一件落着
去って行く学園長を見送る。
「色々と凄い方ですね」
隣に来た王太子殿下へ言うと、笑った殿下。
「ははは、彼はエルフだからな。長い年月生きているから、このくらいの事では動じないんだよ」
「ああ、なるほど」
ん?エルフの学園長?しばらく考える。
『隠れキャラじゃん。これ、イベントだったじゃん』
「ん?どうかしたか?」
考え込んでいた私の顔を覗き込んだ殿下。
「あ、いえ。どうりで美しい方だったと」
「もう100歳越えだぞ」
「そこはエルフですから、気になりませんよね」
エルフは長寿だ。100歳くらい当たり前だろう。
「惚れた訳じゃないだろうな」
そっち?
「そんな事、ある訳ないじゃないですか」
「本当か?」
「はい」
「なら、いい」
触れるだけのキスをした殿下。
『後ろ、見た方がいいぞ』
殿下の背後に、魔力を膨らませた兄が、超絶笑顔で立っている。
「さてと、ヴィヴィアーナ殿下の所へ戻ろう」
兄の手が、殿下の肩を掴んだ所で、私はこの場を後にしようとした。
「ちょっとあんた!」
去ろうとした私を呼び止めたカプアート嬢。
「何でしょう?」
「あんた、マジで誰?私はこのゲーム、何周もやったのよ。なのにあんたなんて見た事ない!一体何者なのよ!」
きっと、周囲の皆は彼女の言葉が理解できないだろう。だから私も理解出来ていないフリをする。
「何者と言われましても困りますが」
彼女の方へ向き直る。
「私はエルダ・ウルヴァリーニ。ヴィヴィアーナ・ジェルマーノ第三王女殿下の護衛騎士です」
騎士の礼を取り、そのまま彼女の元を離れようとすると、ヴィヴィアーナ殿下が走り寄ってきた。
「エルダ」
私を待っていたヴィヴィアーナ殿下が、勢いのまま私に抱きついた。
「ヴィヴィアーナ殿下、お待たせしました」
殿下が悪役令嬢になる事もなく、無事にこの時を終わらせることが出来たと実感する。

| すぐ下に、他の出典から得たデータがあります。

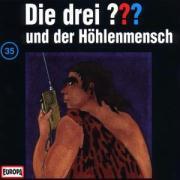 Die drei ??? und der H&ouml;hlenmensch, 1 Audio-CD,1 Audio-CD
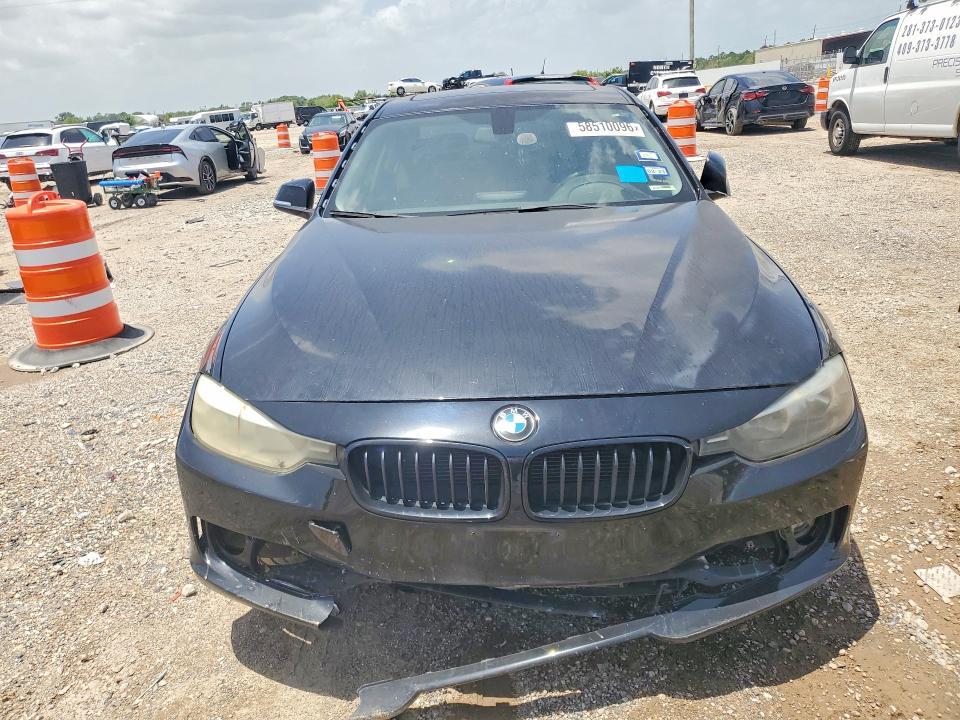 2014 BMW 320 i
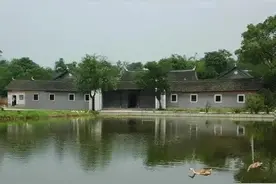中共主要创始人之一李达故居：湘江边的红色摇篮图片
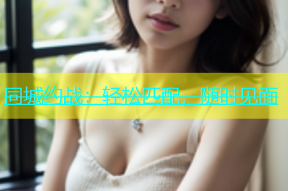 同城约战：轻松匹配，随时见面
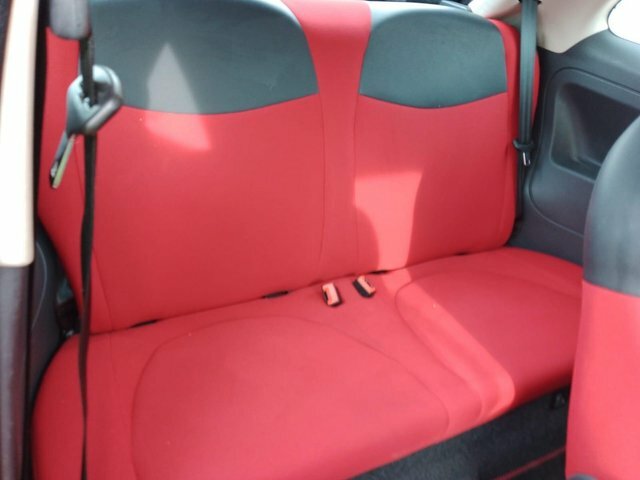 Fiat 500 Lounge Hatchback Euro 5 Ss 6 Blue #28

そして私たちは、会場を後にした。
あれから1カ月ほど経った。
カプアート嬢は最北にある、病院に入れられている。尋問しても、彼女の言っている事が誰も理解出来なかったからだ。
極刑になってもおかしくなかったのだが、まだ未成年である事、彼女の話が支離滅裂である事から、専門の病院へ入院させられた。窓には鉄格子がはめ込まれ、一生出る事は叶わないだろう。
私が説明をしようかとも思ったが、話を理解した所で彼女の罪状は重く、牢屋で一生過ごすよりは病院の方がいいだろうと思いやめた。
ヴィヴィアーナ殿下は、しっかりミケーレ様との恋を成就させ、来月には婚約式の予定だ。私の助言通りに彼に伝えた殿下は、見事、ミケーレ様に告白してもらったのだそうだ。
ミケーレ様は、母方の公爵家を継ぐことが決まっている。しかも卒業を待たずして、騎士団に入団する予定。卒業する頃には、殿下をお任せするに値する、素晴らしい青年になるだろう。
そしてなんと、エルシー様はアルセニオに恋したらしい。卒業式のあの騒動で、自分たちを守り切った彼を見て、好きになってしまったのだそうだ。今は、絶賛アピール中だそうだ。
先日は手作りの差し入れを、騎士団の皆にと持って来てくれた。元々可愛らしく、学園でも人気のあったエルシー様は、たちまち騎士たちのマドンナ状態に。中には本気で求婚していた奴もいて、それを見ていたアルセニオの顔を見た私は、彼が落ちるのも時間の問題だろうと思っている。
アルド殿は、すっかり私の刀にご執心だ。
「エルダの事は、王太子殿下の物になっても好き。だけど、聖剣は他の誰かの物になるのは嫌」
そう言った彼は、毎日数時間、刀を持って研究室に閉じこもっている。どうして刀が魔力を宿せるのかを解明したいらしい。
今の所、これといった成果はないが、毎日充実していると嬉しそうだった。私はいつか刀が、アルド殿を選ぶのではと気が気じゃない。